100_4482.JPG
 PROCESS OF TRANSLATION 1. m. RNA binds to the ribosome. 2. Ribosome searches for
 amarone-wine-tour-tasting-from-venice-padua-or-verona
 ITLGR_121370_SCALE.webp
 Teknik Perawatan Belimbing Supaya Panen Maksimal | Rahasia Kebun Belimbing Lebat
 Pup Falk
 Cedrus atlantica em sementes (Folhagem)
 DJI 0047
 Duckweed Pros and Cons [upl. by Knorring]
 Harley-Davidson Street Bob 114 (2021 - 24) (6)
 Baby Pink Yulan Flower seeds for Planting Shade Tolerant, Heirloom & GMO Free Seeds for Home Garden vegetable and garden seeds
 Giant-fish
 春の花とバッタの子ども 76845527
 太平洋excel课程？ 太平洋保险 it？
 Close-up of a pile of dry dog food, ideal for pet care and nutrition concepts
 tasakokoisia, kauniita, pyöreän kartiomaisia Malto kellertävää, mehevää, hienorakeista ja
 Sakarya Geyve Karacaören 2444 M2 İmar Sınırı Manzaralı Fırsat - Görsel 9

- _Description of the task_:
The response should be an exact copy of the lines from the one with "Cedrus atlantica em sementes (Folhagem)" through the end of the data, with no other text.

- _Task answer_:
 Cedrus atlantica em sementes (Folhagem)
 DJI 0047
 Duckweed Pros and Cons [upl. by Knorring]
 Harley-Davidson Street Bob 114 (2021 - 24) (6)
 Baby Pink Yulan Flower seeds for Planting Shade Tolerant, Heirloom & GMO Free Seeds for Home Garden vegetable and garden seeds
 Giant-fish
 春の花とバッタの子ども 76845527
 太平洋excel课程？ 太平洋保险 it？
 Close-up of a pile of dry dog food, ideal for pet care and nutrition concepts
 tasakokoisia, kauniita, pyöreän kartiomaisia Malto kellertävää, mehevää, hienorakeista ja
 Sakarya Geyve Karacaören 2444 M2 İmar Sınırı Manzaralı Fırsat - Görsel 9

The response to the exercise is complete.